I don't have a local hobby store either.


----------



## Gargs (May 20, 2019)

rkenney said:


> I started a thread on tinscale about cleaning parts and a response said their goto was simple green and water.
> 
> I had to look up simple green, I've never used it. Its a de-greaser and available at walmart. Is Biodegradable and could probably fill the bill for track cleaner.
> 
> I don't have a local hobby store either.


Thanks for the quick reply! I actually have some Simple Green already, so will definitely try that!


----------



## teledoc (Oct 22, 2014)

Gargs, I would shy away from using Simple Green. Another forum member, Lee Willis had serious problems when he used it to clean his track. Although he used it on .0 gauge Fastrack, where the Simple Green deteriorated the rails on his track. Quite expensive having to replace his track. Two fairly common methods are to use Scotchbrite pads, of various grit, and wiping down the rails with either lacquer thinner, or regular 91% Isopropyl Alcohol, that you buy in a drug store. The degreasers like Simple Green or Castrol Super Clean, often leave a thin film, after using it, which you use the other two, mentioned to clean off the film.

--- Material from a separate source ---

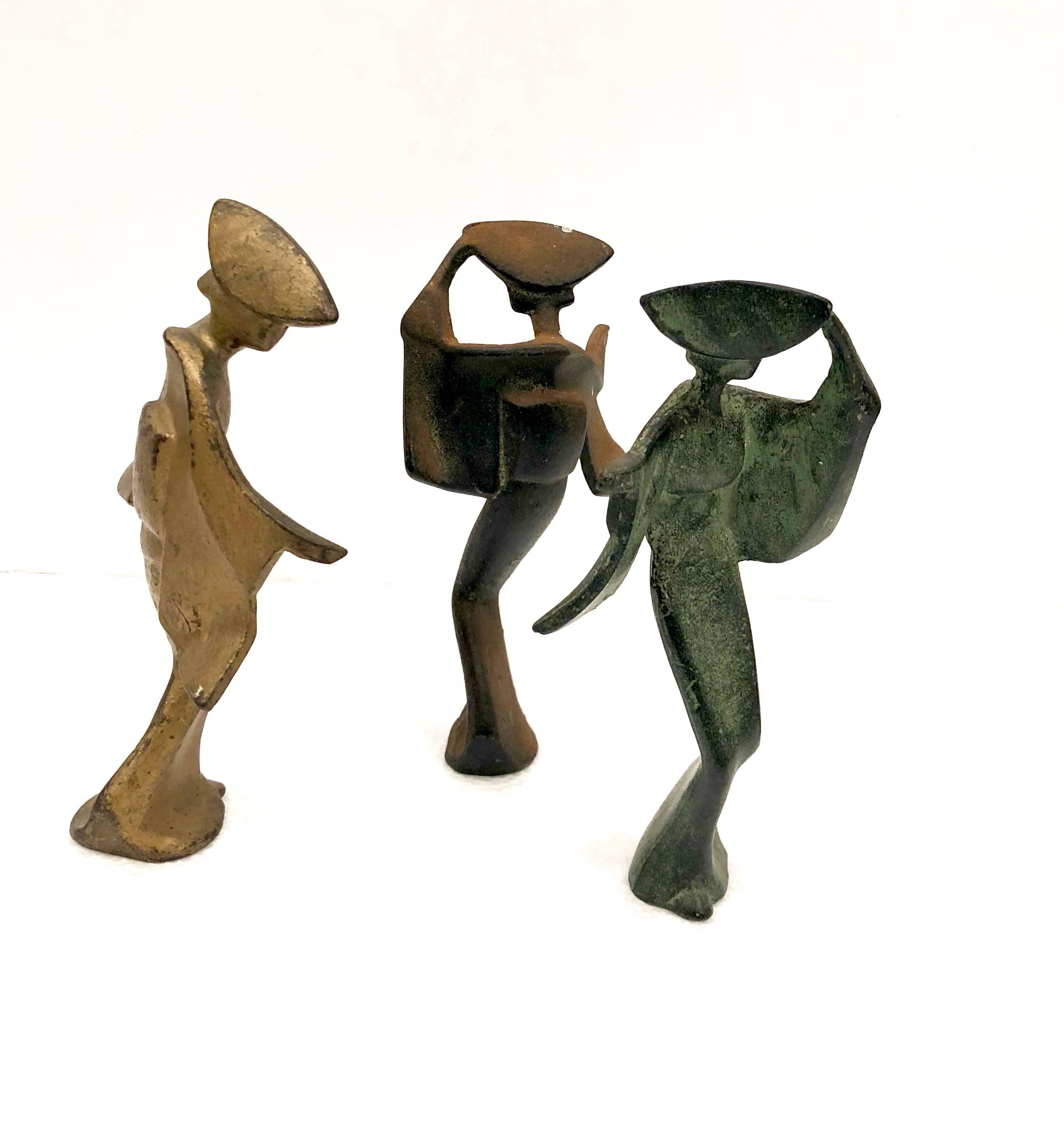 Nice set of three patinated metals Japanese geisha figurines, circa 1950s. The pieces are heavy and solid and have a real nice dark patina; in a bronze, copper and black finish they would make a great Mid-Century Modern accent in any space!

It’s your choice, but I would be cautious with the Simple Green.


----------



## Gargs (May 20, 2019)

teledoc said:


> Gargs, I would shy away from using Simple Green. Another forum member, Lee Willis had serious problems when he used it to clean his track. Although he used it on .0 gauge Fastrack, where the Simple Green deteriorated the rails on his track. Quite expensive having to replace his track. Two fairly common methods are to use Scotchbrite pads, of various grit, and wiping down the rails with either lacquer thinner, or regular 91% Isopropyl Alcohol, that you buy in a drug store. The degreasers like Simple Green or Castrol Super Clean, often leave a thin film, after using it, which you use the other two, mentioned to clean off the film. It’s your choice, but I would be cautious with the Simple Green.

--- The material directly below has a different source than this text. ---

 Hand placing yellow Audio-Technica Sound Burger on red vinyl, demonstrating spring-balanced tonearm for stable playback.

Hey thanks for the heads up! Will the Scotchbrite pads work on the locomotive as well? Looking to clean off the "ski" and wheels there too.


----------



## teledoc (Oct 22, 2014)

It should with no problem. You will probably have to cut small squares, to do it by hand. A little time consuming, but it will work. I am strictly 0 gauge, more toward Tinplate, and I usually use a Dremel rotary tool and brass or stainless steel wire wheels, but that’s my method. Whichever works the easiest.


----------



## rkenney (Aug 10, 2013)

The qualifying statement in the cleaning post with simple green is "mixed with water."

The dilution of a concentrated product is essential to achieve optimum results.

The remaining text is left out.